0

I have been using a script I created some time ago to monitor the convergence of some numerical calculations. What it does is, extract some data with awk, write them in some files and then I use gnuplot to plot the data in a dumb terminal. It works ok but lately I have been wondering if I am writing too much to the disk for such a task and I am curious if there is a way to use gnuplot to plot the result of awk without the need to write the result in a file first.

Here is the script I wrote:

#!/bin/bash
#
input=$1
#
timing=~/tmp/time.dat
nriter=~/tmp/nriter.dat  
totenconv=~/tmp/totenconv.dat
#
test=false
while ! $test; do
    clear
    awk '/total cpu time/ {print $9-p;p=$9}' $input | tail -n 60 > $timing
    awk '/     total energy/ && !/!/{a=$4; nr[NR+1]}; NR in nr{print a,"   ",$5}' $input | tail -n 60 > $nriter
    awk '/!/{a=$5; nr[NR+2]}; NR in nr{print a,"   ",$5}' $input > $totenconv
    gnuplot <<__EOF
set term dumb feed 160, 40
set multiplot layout 2, 2
#
set lmargin 15
set rmargin 2
set bmargin 1
set autoscale
#set format y "%-4.7f"
#set xlabel "nr. iterations"
plot '${nriter}' using 0:1 with lines title 'TotEn' axes x1y1
#
set lmargin 15
set rmargin 2
set bmargin 1
set autoscale
#set format y "%-4.7f"
#set xlabel "nr. iteration"
plot '${nriter}' using 0:2 with lines title 'Accuracy' axes x1y1
#
set rmargin 1
set bmargin 1.5
set autoscale
#set format y "%-4.7f"
set xlabel "nr. iteration"
plot '${totenconv}' using 1 with lines title 'TotEnConv' axes x1y1
#
set rmargin 1
set bmargin 1.5
set autoscale
set format y "%-4.0f"
set xlabel "nr. iteration"
plot '${timing}' with lines title 'Timing (s)' axes x1y1
#plot '${totenconv}' using 2 with lines title 'AccuracyConv' axes x1y1
__EOF
#    tail -n 5 $input
#    echo -e "\n"
    date
    iter=$(grep "    total energy" $input | wc -l)
    conviter=$(awk '/!/' $input | wc -l)
    echo "number of iterations = " $iter "    converged iterations = " $conviter
    sleep 10s
    if grep -q "JOB DONE" $input ; then
        grep '!' $input  
        echo -e "\n"
        echo "Job finished"
        rm $nriter
        rm $totenconv
        rm $timing
        date
        test=true
      else
        test=false
    fi
done

This produces a nice grid of four plots when the data is available, but I would be great if I could avoid writing to disk all the time. I don't need this data when the calculation is finished, just for this monitoring purpose.

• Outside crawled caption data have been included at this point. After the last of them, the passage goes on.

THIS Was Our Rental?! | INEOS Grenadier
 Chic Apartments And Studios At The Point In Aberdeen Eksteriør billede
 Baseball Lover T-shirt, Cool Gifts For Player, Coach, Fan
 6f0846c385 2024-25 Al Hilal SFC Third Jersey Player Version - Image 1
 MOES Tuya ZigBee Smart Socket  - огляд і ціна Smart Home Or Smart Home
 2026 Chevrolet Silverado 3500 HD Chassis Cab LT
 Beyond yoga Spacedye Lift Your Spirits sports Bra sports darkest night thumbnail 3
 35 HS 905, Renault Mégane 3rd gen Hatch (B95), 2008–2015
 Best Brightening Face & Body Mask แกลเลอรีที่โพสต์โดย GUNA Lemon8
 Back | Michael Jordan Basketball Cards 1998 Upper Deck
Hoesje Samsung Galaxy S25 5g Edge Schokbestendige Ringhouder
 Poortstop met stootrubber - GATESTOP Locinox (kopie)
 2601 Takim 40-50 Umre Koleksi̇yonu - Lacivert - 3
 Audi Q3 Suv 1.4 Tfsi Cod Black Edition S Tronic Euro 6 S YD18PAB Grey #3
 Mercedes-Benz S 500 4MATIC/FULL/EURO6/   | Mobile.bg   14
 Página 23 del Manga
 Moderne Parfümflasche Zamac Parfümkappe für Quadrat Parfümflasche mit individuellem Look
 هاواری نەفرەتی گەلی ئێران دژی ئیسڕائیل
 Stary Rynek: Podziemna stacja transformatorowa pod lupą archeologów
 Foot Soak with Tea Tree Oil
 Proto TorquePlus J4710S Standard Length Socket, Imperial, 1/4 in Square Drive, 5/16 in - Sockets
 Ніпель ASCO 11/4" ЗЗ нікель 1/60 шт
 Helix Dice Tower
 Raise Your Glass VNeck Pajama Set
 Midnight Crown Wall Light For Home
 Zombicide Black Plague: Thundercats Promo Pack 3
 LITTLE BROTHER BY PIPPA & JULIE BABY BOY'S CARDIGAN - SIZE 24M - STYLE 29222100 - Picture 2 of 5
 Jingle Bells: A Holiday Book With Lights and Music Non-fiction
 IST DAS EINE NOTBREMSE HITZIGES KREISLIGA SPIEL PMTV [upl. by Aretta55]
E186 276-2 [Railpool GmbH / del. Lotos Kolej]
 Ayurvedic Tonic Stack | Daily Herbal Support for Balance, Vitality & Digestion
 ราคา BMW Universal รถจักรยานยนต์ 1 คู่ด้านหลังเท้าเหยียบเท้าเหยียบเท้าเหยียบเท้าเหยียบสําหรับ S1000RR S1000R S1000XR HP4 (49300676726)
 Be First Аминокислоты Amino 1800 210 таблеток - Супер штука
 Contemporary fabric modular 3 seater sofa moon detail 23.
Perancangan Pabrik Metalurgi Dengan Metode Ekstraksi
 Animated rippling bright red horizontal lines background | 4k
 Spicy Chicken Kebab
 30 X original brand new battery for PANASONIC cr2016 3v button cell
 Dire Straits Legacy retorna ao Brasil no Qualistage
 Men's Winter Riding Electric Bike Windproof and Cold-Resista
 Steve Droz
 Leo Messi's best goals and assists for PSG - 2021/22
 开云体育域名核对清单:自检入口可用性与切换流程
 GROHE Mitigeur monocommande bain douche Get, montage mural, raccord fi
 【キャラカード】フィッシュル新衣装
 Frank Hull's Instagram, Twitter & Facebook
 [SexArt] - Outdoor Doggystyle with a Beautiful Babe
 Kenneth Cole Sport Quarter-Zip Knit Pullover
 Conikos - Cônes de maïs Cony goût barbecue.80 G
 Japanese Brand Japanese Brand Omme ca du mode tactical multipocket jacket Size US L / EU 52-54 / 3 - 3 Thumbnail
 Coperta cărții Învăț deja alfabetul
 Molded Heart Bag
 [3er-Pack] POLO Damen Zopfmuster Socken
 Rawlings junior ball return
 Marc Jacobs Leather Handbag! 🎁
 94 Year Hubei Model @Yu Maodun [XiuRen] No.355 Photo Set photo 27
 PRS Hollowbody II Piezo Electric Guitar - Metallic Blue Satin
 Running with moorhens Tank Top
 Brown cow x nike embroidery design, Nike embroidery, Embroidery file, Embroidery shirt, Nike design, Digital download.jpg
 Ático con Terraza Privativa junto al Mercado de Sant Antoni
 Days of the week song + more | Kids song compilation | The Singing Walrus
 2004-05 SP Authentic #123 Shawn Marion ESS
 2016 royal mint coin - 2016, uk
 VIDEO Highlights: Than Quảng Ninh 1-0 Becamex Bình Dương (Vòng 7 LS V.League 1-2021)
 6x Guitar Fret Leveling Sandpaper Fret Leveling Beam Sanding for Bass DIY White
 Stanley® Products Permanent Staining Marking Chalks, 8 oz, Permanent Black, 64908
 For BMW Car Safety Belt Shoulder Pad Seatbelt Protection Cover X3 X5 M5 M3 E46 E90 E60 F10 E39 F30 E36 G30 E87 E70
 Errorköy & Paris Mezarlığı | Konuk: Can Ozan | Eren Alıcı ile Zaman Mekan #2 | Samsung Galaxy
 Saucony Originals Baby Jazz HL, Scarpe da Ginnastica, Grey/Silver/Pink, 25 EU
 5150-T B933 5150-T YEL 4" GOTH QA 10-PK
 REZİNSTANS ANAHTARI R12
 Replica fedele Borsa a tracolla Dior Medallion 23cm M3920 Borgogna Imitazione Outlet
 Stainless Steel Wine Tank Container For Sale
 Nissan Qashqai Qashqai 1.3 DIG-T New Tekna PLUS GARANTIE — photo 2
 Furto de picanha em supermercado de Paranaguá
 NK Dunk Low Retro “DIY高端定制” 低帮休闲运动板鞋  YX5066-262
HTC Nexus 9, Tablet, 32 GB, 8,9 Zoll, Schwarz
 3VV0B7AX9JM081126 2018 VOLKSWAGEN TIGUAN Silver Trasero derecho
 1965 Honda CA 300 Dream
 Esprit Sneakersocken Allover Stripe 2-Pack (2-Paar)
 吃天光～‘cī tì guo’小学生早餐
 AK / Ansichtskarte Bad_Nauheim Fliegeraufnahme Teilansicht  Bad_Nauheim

Also, is there a better way to do this? Or is gnuplot the only option?

Edit: I am detailing what the awk bits are doing in the script as requested by @theozh:

  1. awk '/total cpu time/ {print $9-p;p=$9}' $input - this one searches for the pattern total cpu time which appears many times in the file $input and goes to the column 9 on the line with the pattern. There it finds a number which is a time in seconds. It takes the difference between the number it finds and the one that it was found before.
  2. awk '/ total energy/ && !/!/{a=$4; nr[NR+1]}; NR in nr{print a," ",$5}' $input - this searches for the patter total energy (there are 5 spaces before the work total) and takes the number it finds on column 4 and also goes to the second line below the line with the pattern and takes the number found at column 5
  3. awk '/!/{a=$5; nr[NR+2]}; NR in nr{print a," ",$5}' $input - here it searches for the pattern ! and takes the number at column 5 from the line and then goes 2 lines below and takes the number at column 5.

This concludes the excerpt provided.